NAME
DataStore::CAS::FS::Importer - Copy files from filesystem into DataStore::CAS::FS.
VERSION
version 0.010100_03
SYNOPSIS
my $cas_fs= DataStore::CAS::FS->new( ... );
# Defaults are reasonable
my $importer= DataStore::CAS::FS::Importer->new();
$importer->import_tree( "/home/user", $cas_fs->path('/') );
$cas_fs->commit();
# Lots of customizability...
$importer= DataStore::CAS::FS::Importer->new(
dir_format => 'unix', # optimized for storing unix-attrs
filter => sub { return ($_[0] =~ /^\./)? 0 : 1 }, # exclude hidden files
die_on_file_error => 0, # store placeholder for files that can't be read
);
DESCRIPTION
The Importer is a utility class which performs the work of scanning directory entries of the real filesystem, storing new files in the CAS, and encoding new directories and storing those in the CAS as well. It has conditional support for the various Perl modules you need to collect all the metadata you care about, and can be subclassed if you need to collect additional metadata.
ATTRIBUTES
dir_format
$class->new( dir_format => 'universal' );
$importer->dir_format( 'unix' );
Read/write. Directory format to use when encoding directories. Defaults to 'universal'
.
Directories can be recorded with varying levels of metadata and encoded in a variety of formats which are optimized for various uses. Set this to the format string of your preferred encoder.
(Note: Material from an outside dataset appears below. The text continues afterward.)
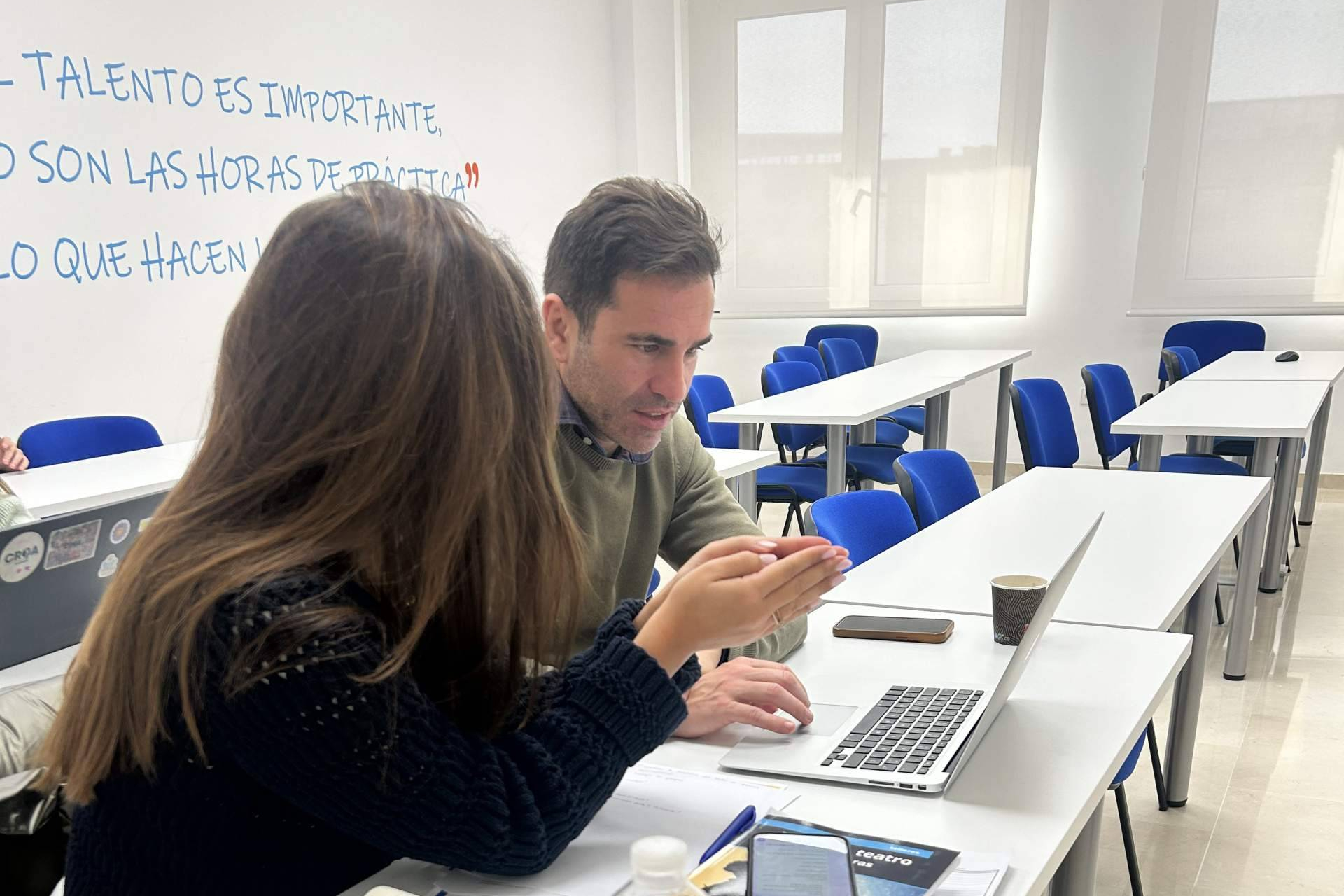 Sistema de oposiciones de maestros en infantil, primaria, inglés, pedagogía terapéutica y audición y lenguaje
The format strings are registered by DirCodec classes when loaded. Built-in formats are 'universal', 'minimal', or 'unix'. (more are planned)
Calls to "import_tree" will encode directories in this format. If you wish to re-use the previously encoded directories during an incremental backup, you must use the same dir_format
as before. This is because all directories get re-encoded every time, and the ones containing the same metadata will end up with the same digest-hash, and be re-used.
filter
Read/write. This optional coderef (which may be an object with overloaded function operator) filters out files that you wish to ignore when walking the physical filesystem.
It is passed 3 arguments: The name, the full path, and the results of 'stat' as a blessed arrayref. You are also guaranteed that stat was called on this file immediately preceeding, so you may also use code like "-d _".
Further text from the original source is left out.